Philip McHugh December 17th 2019 - 2 minute read

The pound was left mostly rangebound yesterday, with release of some underwhelming UK PMI figures putting the kibosh on an initial rally.

Sterling remains muted this morning, with GBP/EUR dipping to €1.1898, GBP/USD subdued at $1.3257, and GBP/CAD flat at C$1.7463. GBP/AUD and GBP/NZD are holding steady at AU$1.9337 and NZ$2.0120 respectively.

Looking ahead, the publication of the UK’s latest employment report could keep the pressure on GBP exchange rates this morning as economists predict another drop in wage growth.

What’s been happening?

The pound initially got off to a strong start this week, jumping out of the gate as it was buoyed by diminished no-deal Brexit fears and hopes for some political stability following Boris Johnson’s decisive election win last Thursday.

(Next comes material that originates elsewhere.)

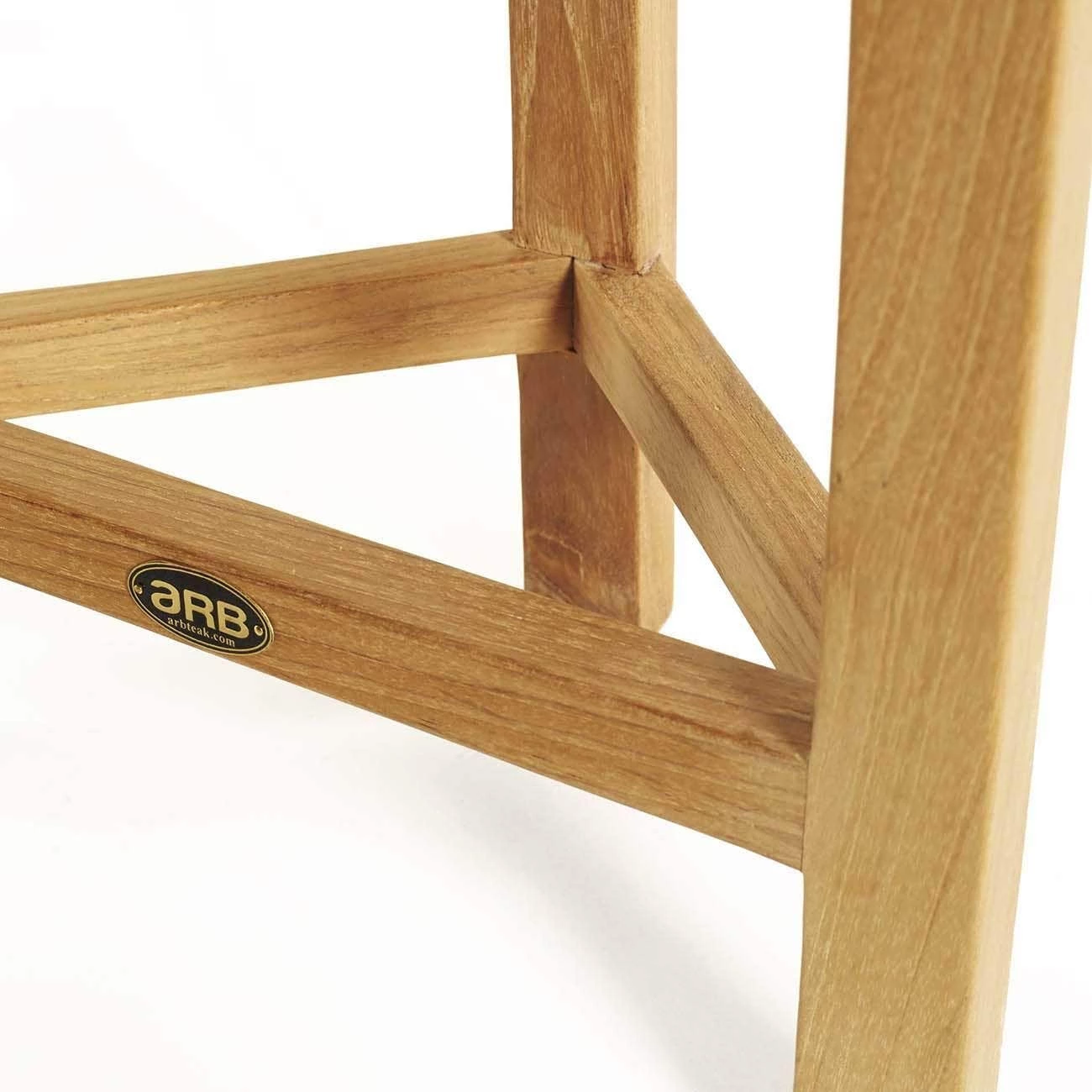 Fiji 15 Inch Teak Corner Footrest - Image 7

However Sterling quickly found itself having to walk back these gains following the publication of the UK’s latest PMI figures.

These indicated growth in the private sector slumped to a new three-year low in December, sparking fears the UK economy as a whole could face contraction in the fourth quarter.

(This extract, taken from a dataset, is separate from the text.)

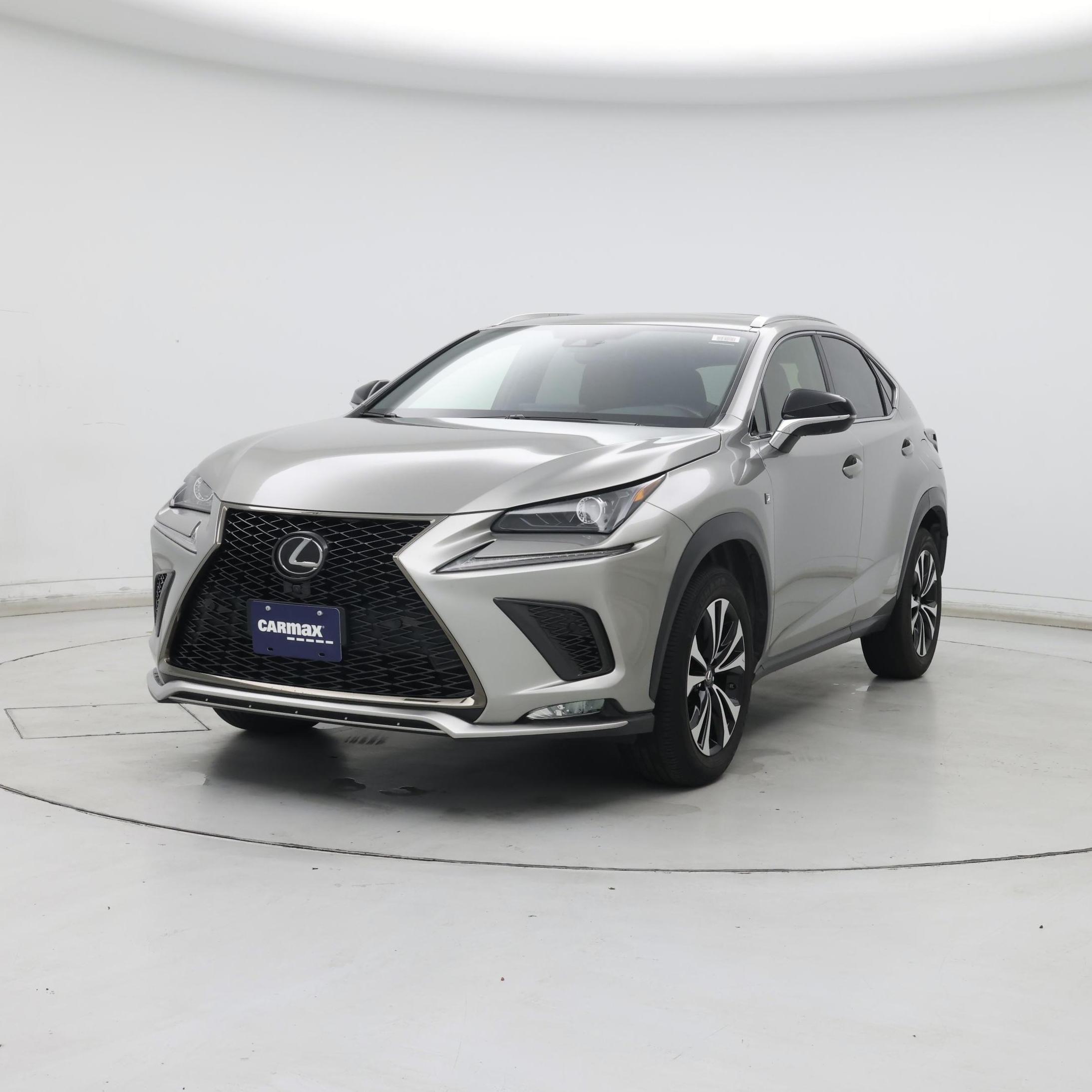 Thumbnail: 2021 Lexus NX - 4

GBP exchange rates then weakened further overnight amid renewed Brexit concerns on reports Boris Johnson will pass a bill ruling out an extension to the transition period.

The publication of the Eurozone’s own PMI figures also proved the main catalyst of movement for the euro yesterday, with a disappointing manufacturing PMI capping any upside in the single currency.

Meanwhile, a prevailing selling bias sent the US dollar lower on Monday.

This came partly on the back of a weaker-than-expected Empire State Manufacturing index, but appeared mostly driven by Friday’s announcement of a US-China trade deal.

What’s coming up?

On the docket today we have the publication of the UK’s employment report.

This may keep a cap on the pound as economists forecast that the data will show the unemployment rate ticked up to 3.9% in October.

However the accompanying earnings figures could prove to be the main drag on Sterling today as wage growth is forecast to drop to just 3.4% over the same period.

Across the pond, the publication of the latest US industrial production figures could help the US dollar recoup some ground this afternoon on the expectation that factory output will have rebounded in November.

The euro may struggle to find momentum today in the absence of any notable Eurozone data. Markets will look to a speech by European Central Bank President Christine Lagarde on Wednesday for guidance.